Karen daba vueltas dentro de la sala de interrogatorio de las oficinas que el FBI tenía en el Federal Plaza. Primero pasó por delante de la puerta de acero, cerrada por dentro. Luego por delante de un espejo que ocupaba casi la totalidad de la pared, con toda probabilidad un espejo unidireccional para permitir ver los interrogatorios a los agentes que estuvieran al otro lado. Finalmente, pasó por delante de un escudo azul y dorado con el dibujo de una águila y las palabras «Federal Bureau of Investigation — Protegiendo América». Unas cuantas sillas rodeaban una mesa de metal que había en el centro de la habitación, pero Karen estaba demasiado nerviosa para sentarse. En vez de eso, dio al menos cincuenta vueltas a la habitación, mareada por el miedo, la indignación y la fatiga. Los agentes se habían llevado a Jonah.

A las cinco de la madrugada oyó pasos en el pasillo que había al otro lado de la puerta cerrada. Una llave abrió la cerradura, y un momento después el agente que la había arrestado entró en la habitación. Alto, rubio y musculoso, todavía llevaba esa horrible americana gris bajo la cual sobresalía la cartuchera. Karen recordó su nombre mientras se abalanzaba sobre él: agente Brock. El cabrón había esposado a un niño de siete años.

—¿Dónde está mi hijo? —le preguntó—. ¡Quiero ver a mi hijo!

Brock extendió los brazos, como si fuera a agarrarla. Tenía los ojos fríos y azules y una cicatriz hinchada en el mentón.

—¡Eh, tranquilícese! Su hijo se encuentra bien. Está durmiendo en una de las habitaciones del pasillo.

Karen no lo creyó. Jonah había gritado como una
banshee
[7]
cuando los agentes lo arrancaron de sus brazos.

—¡Lléveme con él! ¡Necesito verlo ahora mismo!
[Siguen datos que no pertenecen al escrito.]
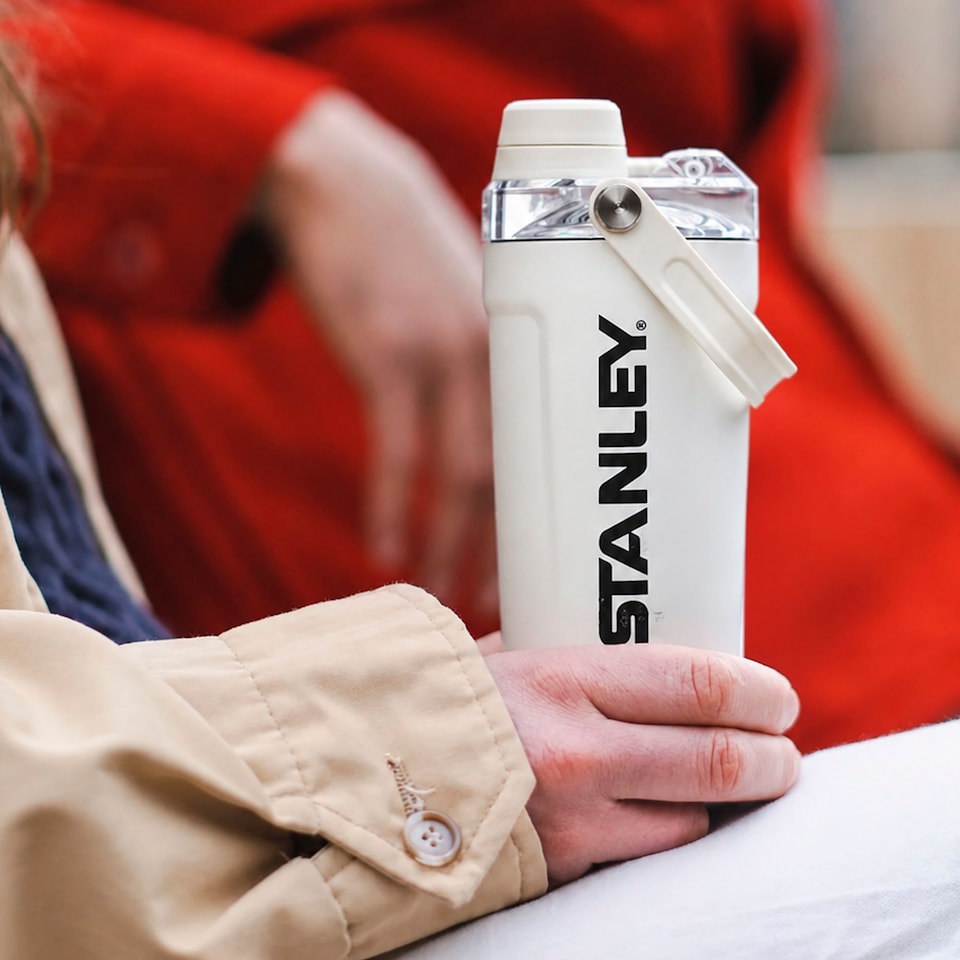image 1 of 0.59L Leakproof Insulated Stainless Steel The Vitalize Shaker Bottle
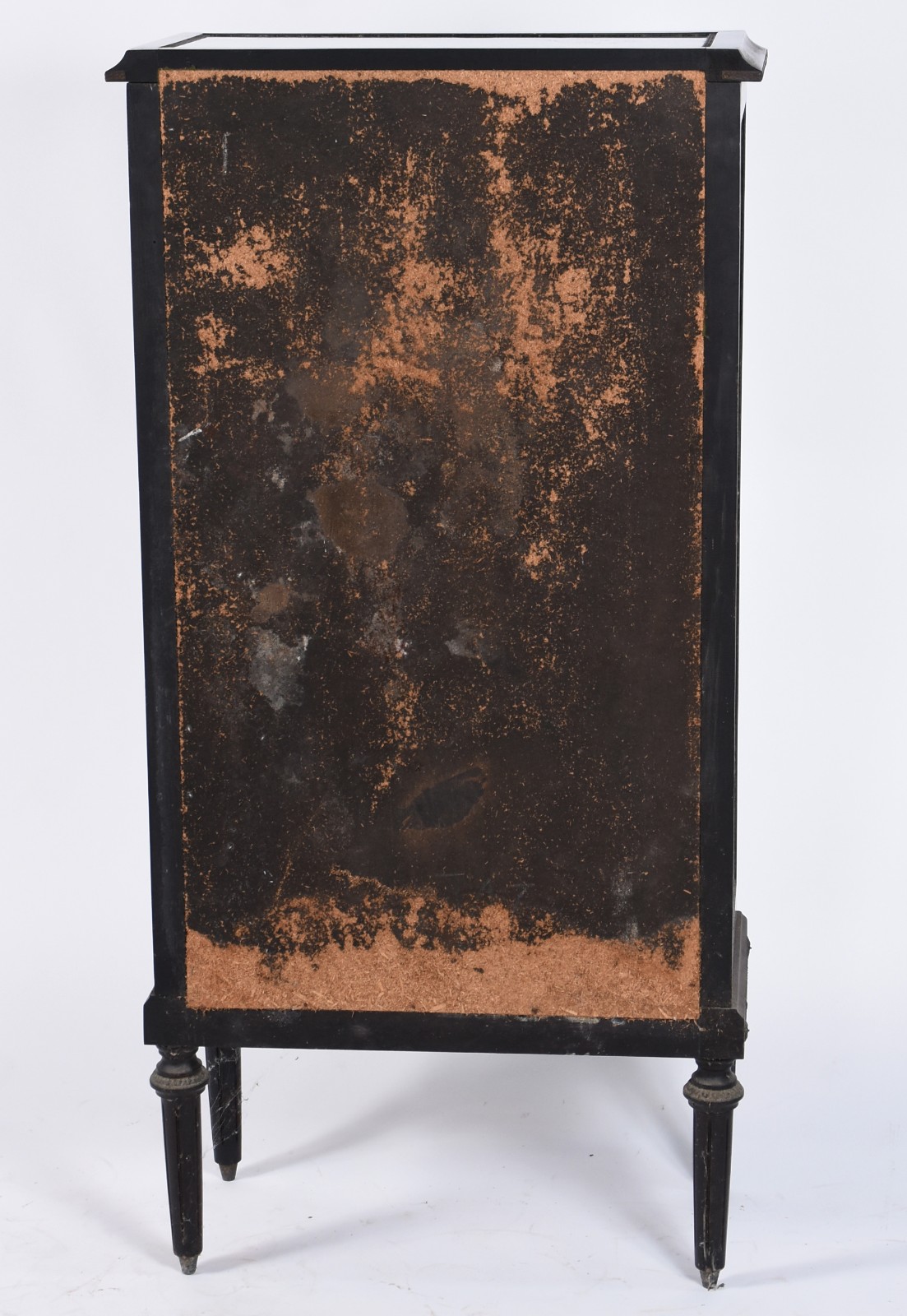 Vitrine de madeira nobre com porta e laterais de vidro, prateleiras... - foto 4 de 4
Intentó rodear a Brock y llegar a la puerta, pero el agente se movió a un lado y se interpuso.

—¡Oiga, he dicho que se tranquilice! Podrá ver a su hijo dentro de unos minutos. Antes quiero que me conteste a unas cuantas preguntas.

—Mire, soy abogada, ¿de acuerdo? No me dedico al derecho penal, pero sí sé que esto es ilegal. No nos puede retener aquí sin cargos.

Brock hizo una mueca. Estaba claro que le daban igual los abogados.

—Podemos presentar cargos si eso es lo que quiere. ¿Qué le parece negligencia criminal de un menor? ¿Le parece eso suficientemente legal?

—¿Qué? ¿De qué está hablando?

—Hablo de la drogadicción de su ex marido. Y cómo se la financiaba vendiendo cocaína a sus alumnos de Columbia. La mayoría de sus trapicheos los hacía en Central Park, justo después de recoger a su hijo de la escuela.

Karen se lo quedó mirando fijamente. Era la mayor estupidez que había oído en su vida.

—¡Eso es ridículo! ¡Lo peor que han hecho en el parque es jugar con la
Super Soakers!

—Tenemos vídeos de vigilancia en los que se le ve realizando las transacciones. Según nuestras fuentes, Swift ha estado traficando durante años.

—¡Por el amor de Dios! ¡Si David hubiera vendido droga en el parque, me habría enterado!

Brock se encogió de hombros.

—Quizá. O quizá no. Una cosa es segura: el Juzgado de Familia querrá averiguar si usted también estaba implicada. Puede que decidan retirarle la custodia de su hijo mientras investigan todo el asunto.